The SARS-CoV-2 spike glycoprotein (YP_009724390.1) was not isolated from a physical virion but was computationally assembled in silico from fragmented RNA in bronchoalveolar lavage fluid (BALF) of a single patient (Wu et al., Nature, 2020). This in silico-derived sequence serves as the antigen in mRNA vaccines administered to over five billion individuals. Here, we report that 32% (416 amino acids) of this spike exhibits significant local similarity to human endogenous retroviral (HERV) elements and cellular proteins across six functional domains: membrane fusion, receptor binding, immune modulation, intracellular trafficking, structural rigidity, and metabolic interference. These alignments, identified via six reproducible NCBI BLASTp searches (RIDs: H2C3P344014, H2PYZ3WV016, H3XRGFXY014, H47XDWV7014, H48U4FWY016, H498WK63016), involve over 150 independent human loci and are absent in bat or pangolin coronaviruses. The in silico origin of the spike is established; the critical unresolved question is whether the 32% human mosaic reflects (1) accidental misincorporation of host contaminants during metagenomic assembly or (2) intentional inclusion of human-derived sequences for chimeric functional enhancement.
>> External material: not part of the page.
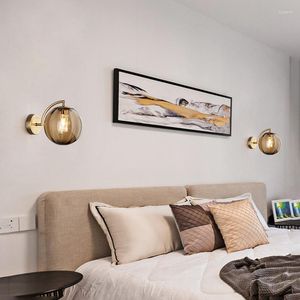 Wall Lamps Modern Designer Glass Ball LED Lights Nordic Bedroom Bedside Lamp For Living Room Creative Romantic Home Decor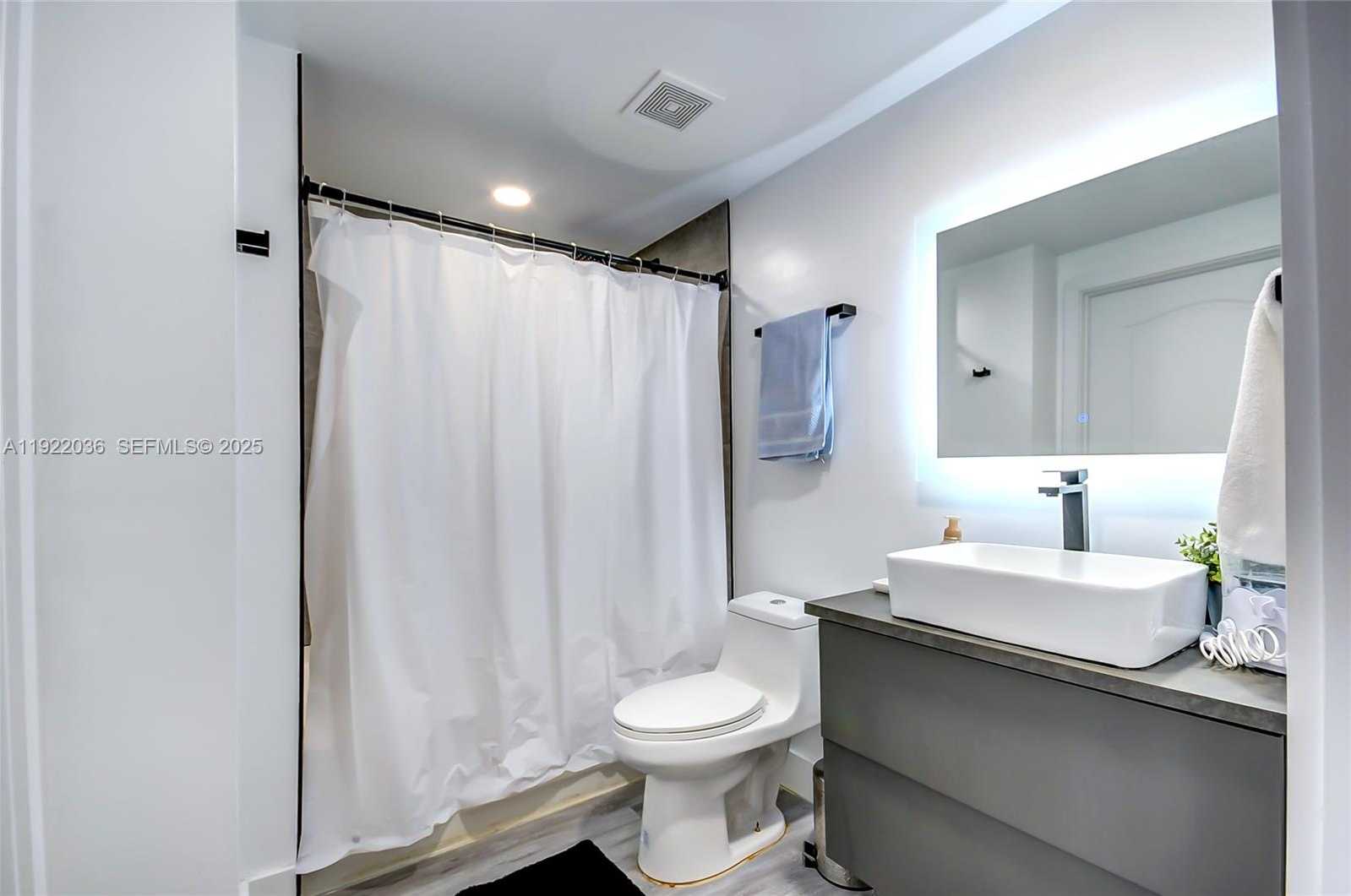 Small Image of 5077 NORTH WEST 7TH ST #1216, Miami Number 23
The precision of motif placement, statistical improbability of random convergence (< 10⁻²⁰), and functional coherence of the domains—independently validated by HERV-K/W upregulation in nasal mucosa as early predictors of hospitalization and respiratory failure (Petrone et al., 2023), severe COVID-19 lungs (Temerozo et al., 2022), blood with IFN-I induction (Guo et al., 2022), pulmonary arterial hypertension (Wang et al., 2023), pediatric MIS-C/KD (Balestrieri et al., 2023), MSH3 homology in the furin site (Ambati et al., 2022), and SARS-CoV-2-triggered HERV transactivation driving inflammaging, senescence, and neurodegeneration (Wu et al., 2025)—support the need for independent re-assembly of the raw data using human-excluded reference databases.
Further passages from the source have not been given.